Re: setf order of evaluation

[NGALL@G.BBN.COM]

    Date: Fri, 11 Sep 87 14:44 EDT
    From: David A. Moon <Moon@STONY-BROOK.SCRC.Symbolics.COM>
    
	Date: Thu, 10 Sep 87 23:13 EDT
	From: Kent M Pitman <KMP@STONY-BROOK.SCRC.Symbolics.COM>
    
         ... 

	 ;; #2: The case in question (using a non-variable as a place)
	 (PROGN (SETQ R '(A 1 B 2 C 3))
		(SETQ S R)
		(SETF (GETF (NTHCDR 2 R) 'B) (PROGN (SETQ R NIL) 6))
		(VALUES R S))
    
    ...

    ;; #2a: doesn't use GETF at all
    (PROGN (SETQ R '(A 1 B 2 C 3))
	   (SETQ S R)
	   (SETF (NTHCDR 2 R) (PROGN (SETQ R NIL) 6))
	   (VALUES R S))
    which again blows up with CLtL's setf-method for variables, but does
    what one would expect with the one I suggested.  These two examples
    changed my mind; now I think the one I suggested is obviously right,
    and the one in CLtL, evidently used by Symbolics and Lucid (and no
    doubt other implementations) is obviously wrong.
    
Minor point: NTHCDR is not a standard generalized variable in CLtL.
Major point: Does the following example change your mind back?

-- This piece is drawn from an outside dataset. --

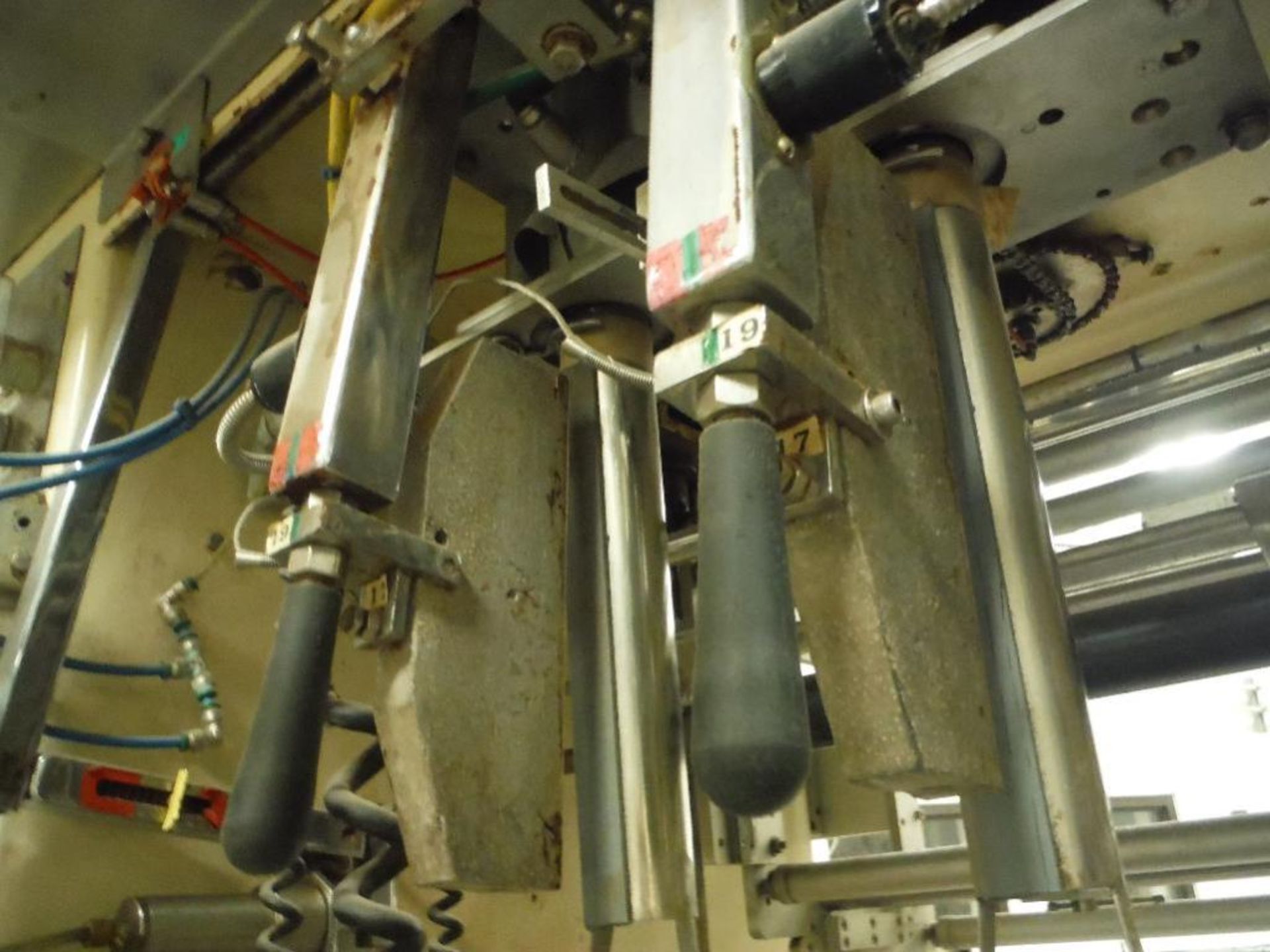 General Packaging Equipment vertical 2-up former/fill/seal/bagger, 15 in. jaw. No filler. Rigging Fe - Image 5 of 15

(PROGN (SETQ R (LIST (LIST A 1 B 2 C 3)))
       (SETQ S (CAR R))
       (SETF (GETF (CAR R) 'B) (PROGN (SETF (CAR R) NIL) 6))
       (VALUES R S))
I'll bet that SCL currently returns
(A 1 B 2 C 3) ; ((B 6))
regardless of variable setf-method used.  But it should return
(A 1 B 6 C 3) ; (NIL)
As JonL (I think) implicitly pointed out, it is the responsibility of GETF to
evaluate the access-form of the sub-setf-method (e.g., (CAR G0001)).
It is NOT the responsibility of the sub-setf-method.  Otherwise the
setf-method for (CAR exp) would have to look like
(G0001 G0002)
(exp (CAR G0001))
(G0003)
(PROGN (RPLACA G0001 G0003) G0003)
G0002

Here's another GETF puzzle (only for implementations that did the
right thing above):

(PROGN (SETF S (LIST (LIST A 1 B 2 C 3)))
       (SETF R (CAR S))
       (SETF (GETF (CAR S) 'D) (PROG1 4 (SETF (CAR S) NIL)))
       (VALUES R S))
could legally return:
#1=(A 1 B 2 C 3) ; (D 4 . #1#) {if new pairs are added to the front}
(A 1 B 2 C 3 D 4) ; NIL {if new pairs are added not at the front, and
   the sub-update-form is not used}
#1=(A 1 B 2 C 3 D 4) ; #1# {if new pairs are added not at the front,
and the sub-update-form is used}

One final SETF puzzle:

(PROGN (SETF S (LIST (LIST 1)))
       (SETF R (CAR S))
       (SETF (CAAR S) (PROG1 2 (SETF (CAR S) (LIST NIL))))
       (VALUES R S))
Is this valid?
(1) ; ((2)) {I think: Yes definitely.}
Is this?
(2) ; ((NIL)) {I think: Probably not.}
Try it in your implementation.
Hint:  The big issue here is when the setf-method gets a handle on
the object whose cell is being stored into.  The definition of DEFSETF
strongly implies that the first choice is the correct one.

-- Nick